DATASET EXCERPT ▸
----------

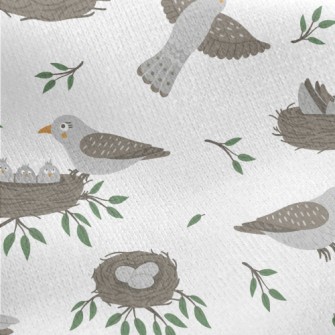 Cartoon Bird Family Jersey Backed Fleece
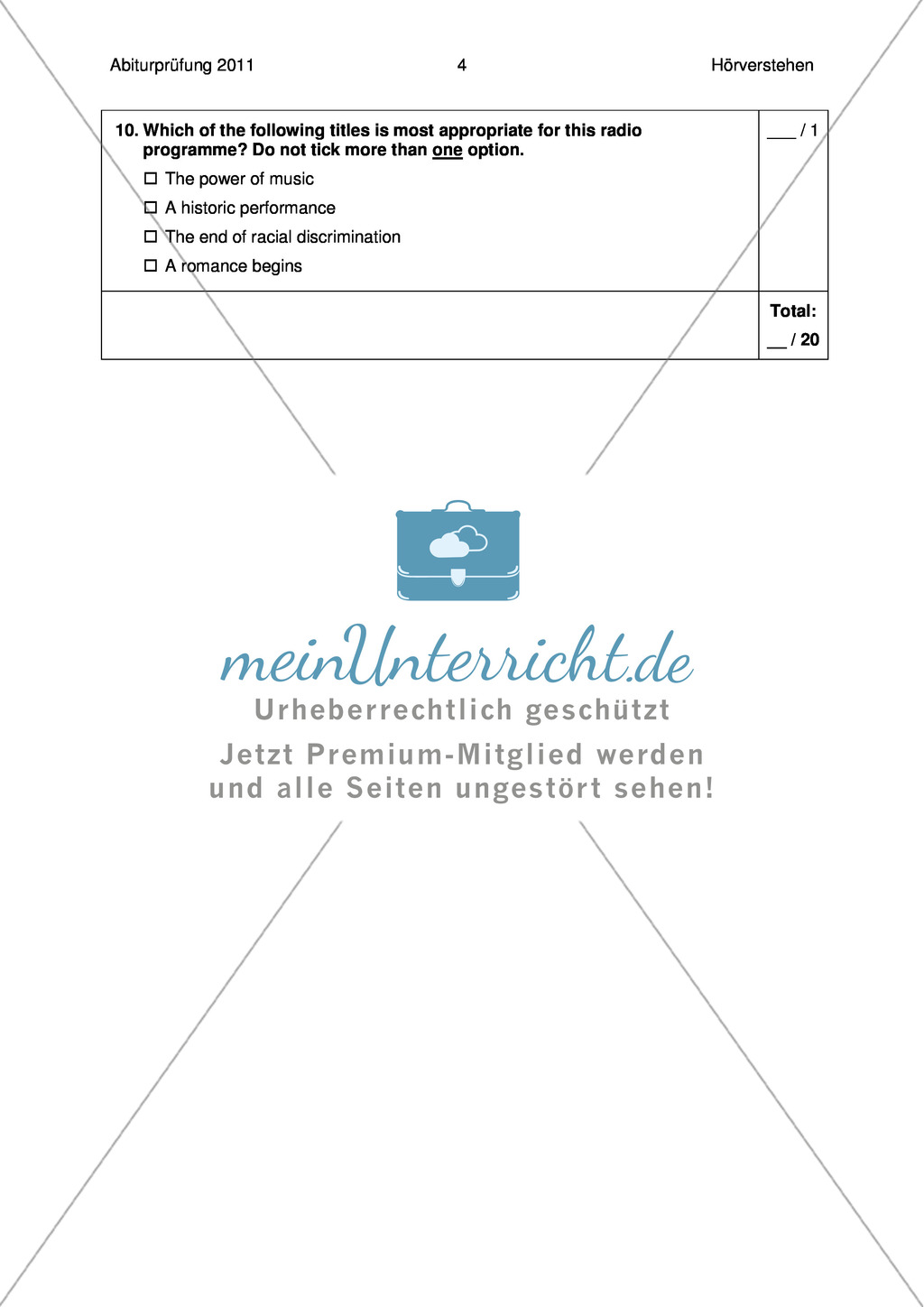 Abiturprüfung 2011 - Prüfungsteil Hörverstehen Preview 4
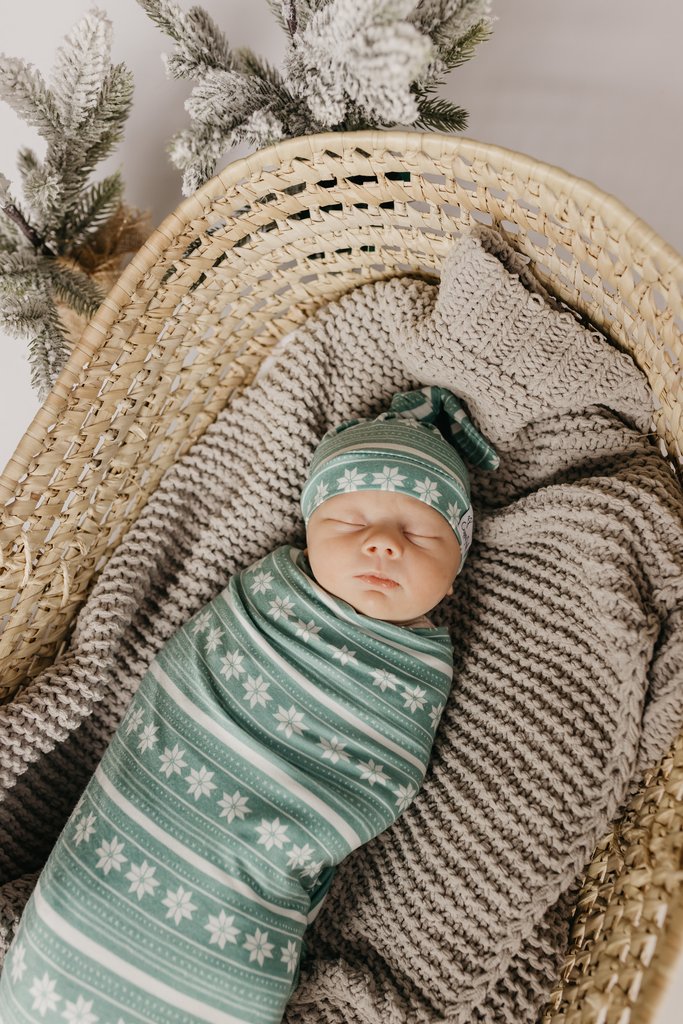 Copper Pearl Knit Holiday Swaddle Blanket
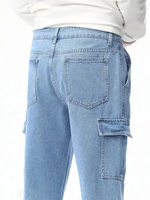 Erkek Kaplamalı Nefes Alabilen Orta Bel Slim Fit İspanyol Paça Eskitme Görünümlü Patchwork Kargo Kot Pantolon Ön Arka Cepli Sokak Modası Yıkanmış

----------

PROBLEM DESCRIPTION ▸
Everything from the line with "Abiturprüfung 2011 - Prüfungsteil" through the final line of the material is to be returned exactly, both ends included, apart from the pictures.

EXERCISE RESPONSE ▸
 Abiturprüfung 2011 - Prüfungsteil Hörverstehen Preview 4
 Copper Pearl Knit Holiday Swaddle Blanket
 Erkek Kaplamalı Nefes Alabilen Orta Bel Slim Fit İspanyol Paça Eskitme Görünümlü Patchwork Kargo Kot Pantolon Ön Arka Cepli Sokak Modası Yıkanmış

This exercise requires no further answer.